Nonplussed, Mulder continued. "It was donated to Yale in the 1960's. Carbon dating placed the creation of the manuscript around the 1400s. Materials analysis also confirm it as a product of most likely the 14th or 15th century. Many have tried and failed to translate the text, including cryptographers from both World Wars. Ol' King Rudolf believed it a product of a Franciscan friar named Francis Bacon." He smiled. "Say that three-times fast."

"You know that stolen artifacts are not a bureau matter." Scully laid down the folded paper neatly on the corner of his desk."

Mulder's lips tightened in a line. His brow furrowed, which meant, as Scully understood, that it was a Mulder-matter. "That was slipped under my door." She sighed. "Plus it's a short trip."

"Skinner will not approve." Sitting in the bowels of the FBI building, the weight of Assistant Director Walter Skinner's office, on the 8th floor, sat heavy on Scully's career. "This is not a bureau matter."

Mulder had moved to behind his desk. He was already putting on his jacket. "Quick trip, Scully. Come on, you love… uh… you know, Ivy league towns."
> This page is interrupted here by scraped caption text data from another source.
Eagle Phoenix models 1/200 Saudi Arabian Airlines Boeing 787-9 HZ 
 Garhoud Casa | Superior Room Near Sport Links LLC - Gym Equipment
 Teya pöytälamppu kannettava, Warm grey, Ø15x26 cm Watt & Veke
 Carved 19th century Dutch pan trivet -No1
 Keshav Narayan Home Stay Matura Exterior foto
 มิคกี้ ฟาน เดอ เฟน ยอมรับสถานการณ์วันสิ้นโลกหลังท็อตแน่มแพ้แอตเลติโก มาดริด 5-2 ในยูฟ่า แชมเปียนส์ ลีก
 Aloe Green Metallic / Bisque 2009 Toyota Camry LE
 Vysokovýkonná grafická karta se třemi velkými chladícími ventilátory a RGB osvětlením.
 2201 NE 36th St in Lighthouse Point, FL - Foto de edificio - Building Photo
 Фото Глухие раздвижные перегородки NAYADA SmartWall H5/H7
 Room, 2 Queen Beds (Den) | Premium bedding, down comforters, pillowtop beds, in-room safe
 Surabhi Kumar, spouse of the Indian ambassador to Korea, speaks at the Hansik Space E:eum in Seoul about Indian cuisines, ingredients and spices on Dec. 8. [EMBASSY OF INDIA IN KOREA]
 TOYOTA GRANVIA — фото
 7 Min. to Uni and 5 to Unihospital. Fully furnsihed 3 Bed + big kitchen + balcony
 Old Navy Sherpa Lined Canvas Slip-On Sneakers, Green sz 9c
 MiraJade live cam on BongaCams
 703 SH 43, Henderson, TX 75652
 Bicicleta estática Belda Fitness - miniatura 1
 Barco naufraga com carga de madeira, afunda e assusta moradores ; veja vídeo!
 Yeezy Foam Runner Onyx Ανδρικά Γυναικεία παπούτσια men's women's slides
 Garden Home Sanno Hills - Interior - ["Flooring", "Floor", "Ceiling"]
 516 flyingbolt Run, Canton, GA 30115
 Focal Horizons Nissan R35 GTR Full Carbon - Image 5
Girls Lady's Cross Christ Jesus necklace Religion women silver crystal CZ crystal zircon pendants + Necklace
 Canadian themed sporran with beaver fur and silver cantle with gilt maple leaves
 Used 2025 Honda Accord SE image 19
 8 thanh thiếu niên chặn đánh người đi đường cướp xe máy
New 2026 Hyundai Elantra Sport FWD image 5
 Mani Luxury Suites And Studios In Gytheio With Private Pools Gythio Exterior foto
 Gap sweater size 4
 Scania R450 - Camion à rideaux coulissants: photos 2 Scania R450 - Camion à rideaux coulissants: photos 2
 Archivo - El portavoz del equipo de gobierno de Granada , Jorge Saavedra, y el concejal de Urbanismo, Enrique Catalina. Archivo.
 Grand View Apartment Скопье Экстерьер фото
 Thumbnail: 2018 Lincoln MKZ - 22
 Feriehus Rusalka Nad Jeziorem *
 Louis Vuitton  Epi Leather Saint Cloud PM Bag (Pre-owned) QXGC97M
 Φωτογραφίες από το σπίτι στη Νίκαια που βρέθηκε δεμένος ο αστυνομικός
Scully couldn't recall actually agreeing to the assignment, but it would appear a mute point as Mulder, after checking out keys for a bureau sedan, twirled them in his hand. He chuckled. Scully felt a sudden need for control as they approached the standard issue black Chevy Impala. "Gimme those." Mulder, without hesitation, slapped them in her hand. "How far is New Haven from here any way?"

Mulder shrugged. "Mm, it's rush hour so I'd say six and a half hours. You know, Scully, this is an ideal time to update you on the parasite sewage mutant we caught last year. I talked to a geneticist at Hopkins that sequenced it's DNA-"

"Tell ya what," she tossed the keys to Mulder. "I think I deserve a six-hour nap."